§ **TASK PROMPT**:
Images do not belong in the copy; retype the rest of the entries below exactly.

[Crawled caption data]

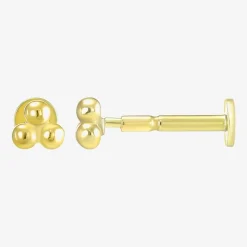 Gold Addiction Womens Cubic Zirconia 10K Gold 3 Pair Earring Set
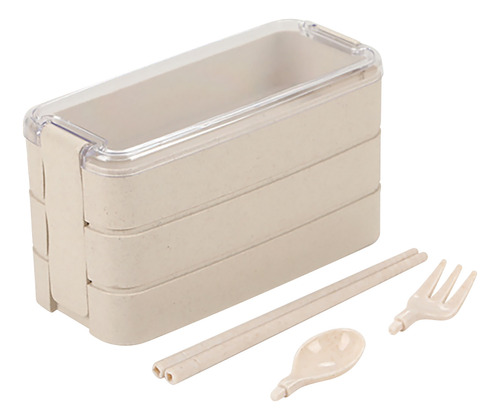 Kit De Lonchera Apilable Tipo Bento Con Cuchara Y Tenedor, 3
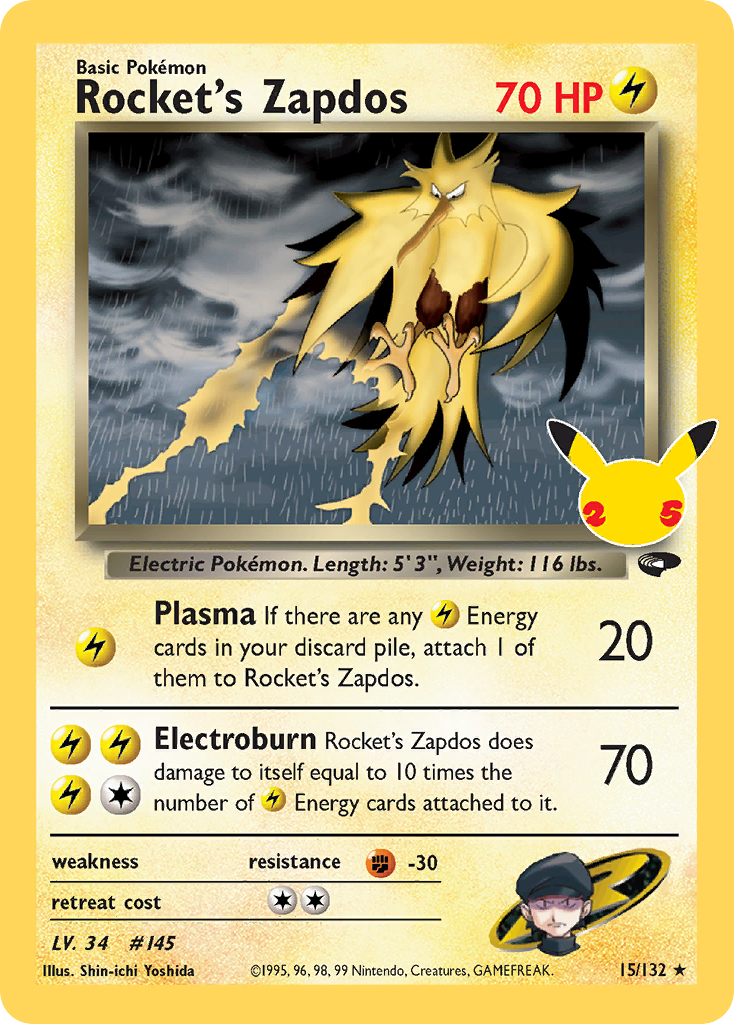Rocket's Zapdos [CEL25C - 15]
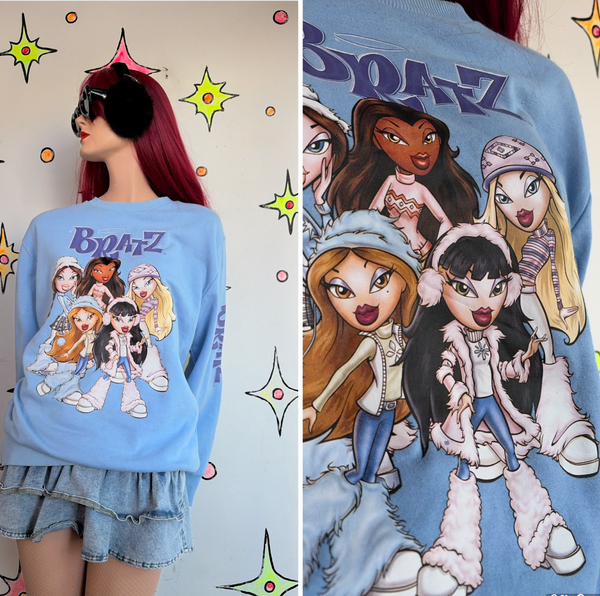 Bratz Doll Pop Art Graphic Sweatshirt Y2K Dollcore Kawaii Pullover | M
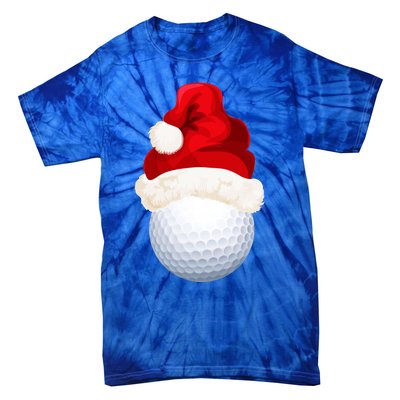 Christmas Golf Ball Santa Hat Funny Xmas Game Sport Funny Gift Tie-Dye T-Shirt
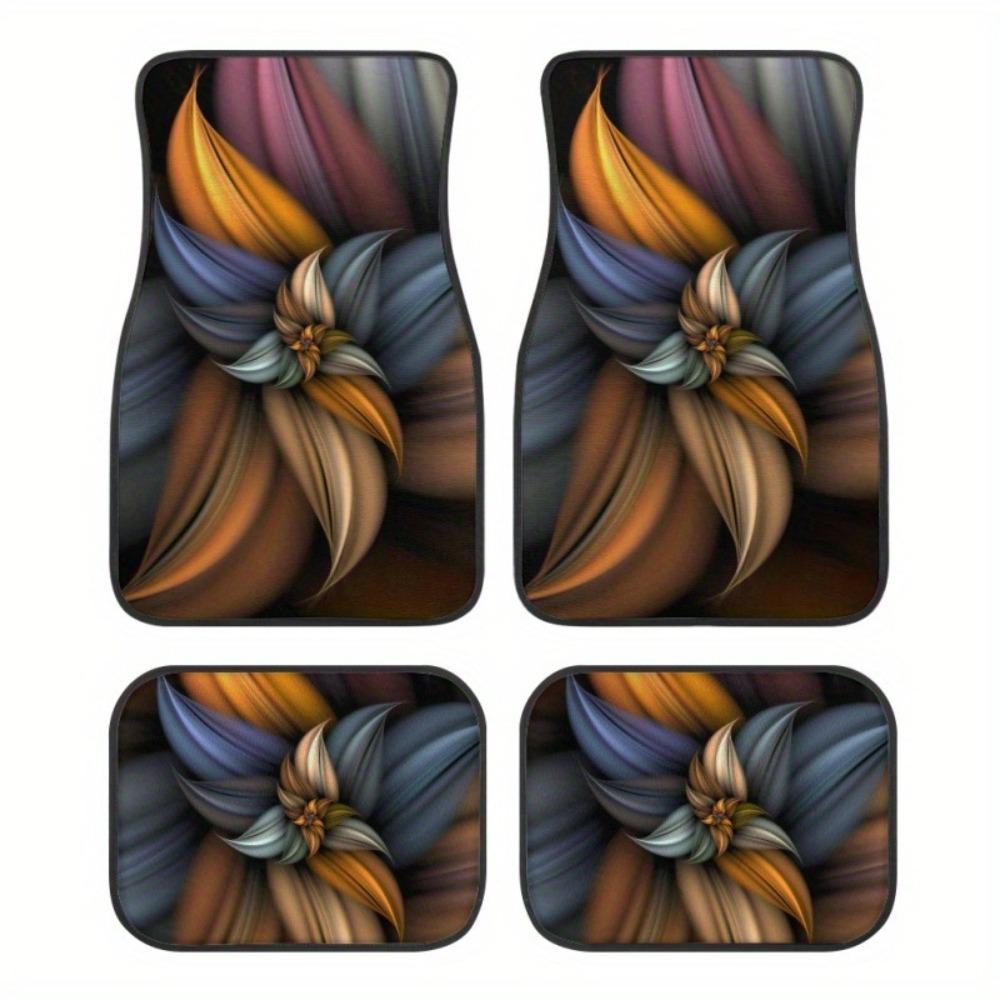 

4 PCS New Bohemia Style Car Foot Pads Decorative Botanical Prints Car Floor Carpets Front Rear Floor Mat Set Automotive Supplies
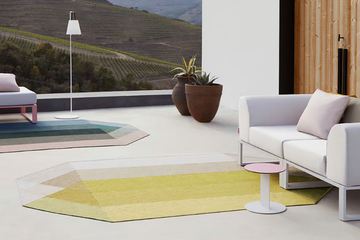 DIAMOND PINK-YELLOW - Recycled PET rug with geometric shapes by GAN - view 3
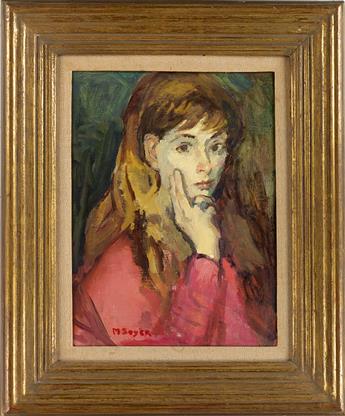 MOSES SOYER Portrait of a Pensive Woman.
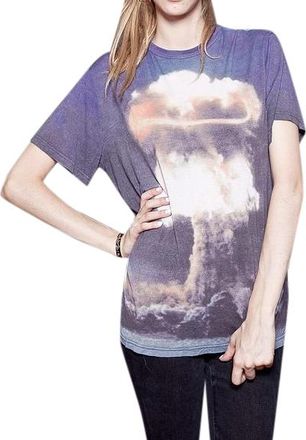 Christopher Kane Blue Atomic Bomb-Print T-shirt Size M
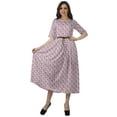 thumbnail image 2 of Moomaya Short Sleeve Midi Dress Printed Pleated Scoop Neck Elegant Work Dress, 2 of 6
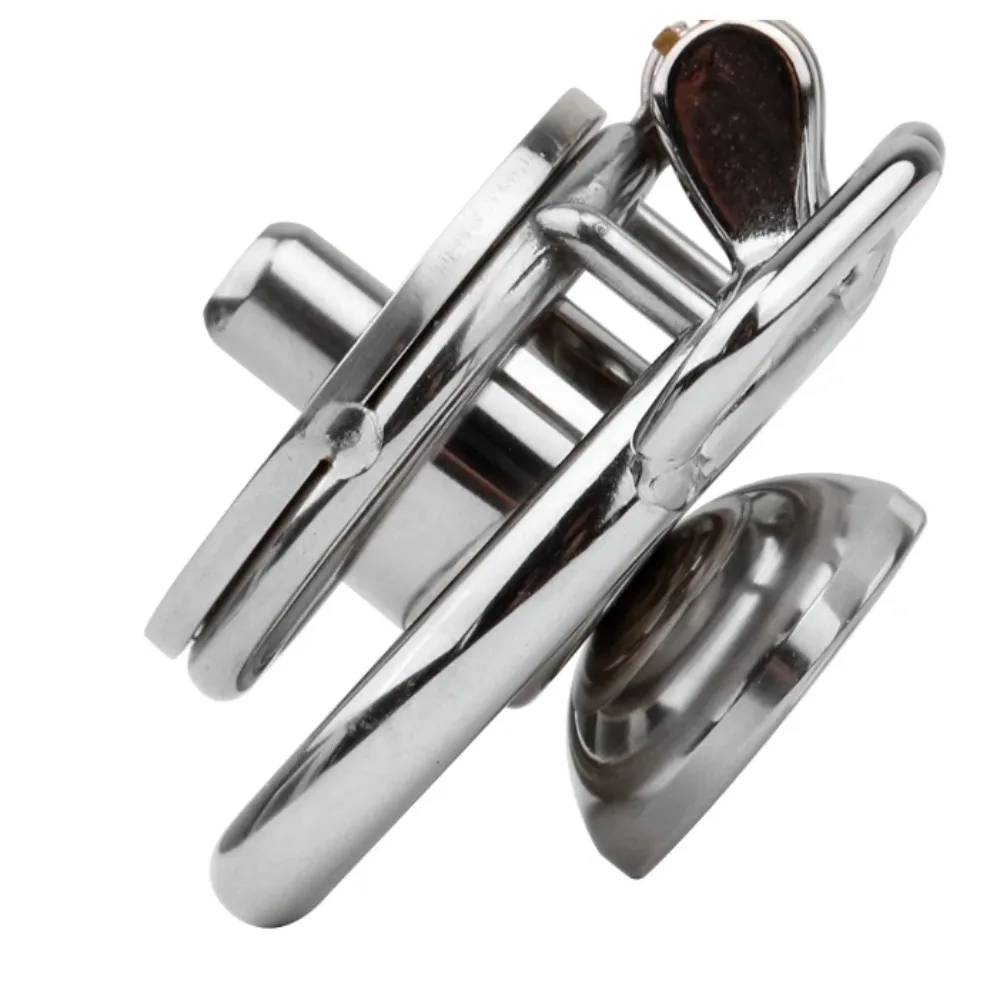 Urethral Inverted Negative Male Chastity Lock Flat Cock Cage with Detachable Realistic Dildo BDSM Adult Game Sex Toys for Men - view 6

§ **EXPECTED ANSWER**:
 Gold Addiction Womens Cubic Zirconia 10K Gold 3 Pair Earring Set
 Kit De Lonchera Apilable Tipo Bento Con Cuchara Y Tenedor, 3
Rocket's Zapdos [CEL25C - 15]
 Bratz Doll Pop Art Graphic Sweatshirt Y2K Dollcore Kawaii Pullover | M
 Christmas Golf Ball Santa Hat Funny Xmas Game Sport Funny Gift Tie-Dye T-Shirt

4 PCS New Bohemia Style Car Foot Pads Decorative Botanical Prints Car Floor Carpets Front Rear Floor Mat Set Automotive Supplies
 DIAMOND PINK-YELLOW - Recycled PET rug with geometric shapes by GAN - view 3
 MOSES SOYER Portrait of a Pensive Woman.
 Christopher Kane Blue Atomic Bomb-Print T-shirt Size M
 thumbnail image 2 of Moomaya Short Sleeve Midi Dress Printed Pleated Scoop Neck Elegant Work Dress, 2 of 6
 Urethral Inverted Negative Male Chastity Lock Flat Cock Cage with Detachable Realistic Dildo BDSM Adult Game Sex Toys for Men - view 6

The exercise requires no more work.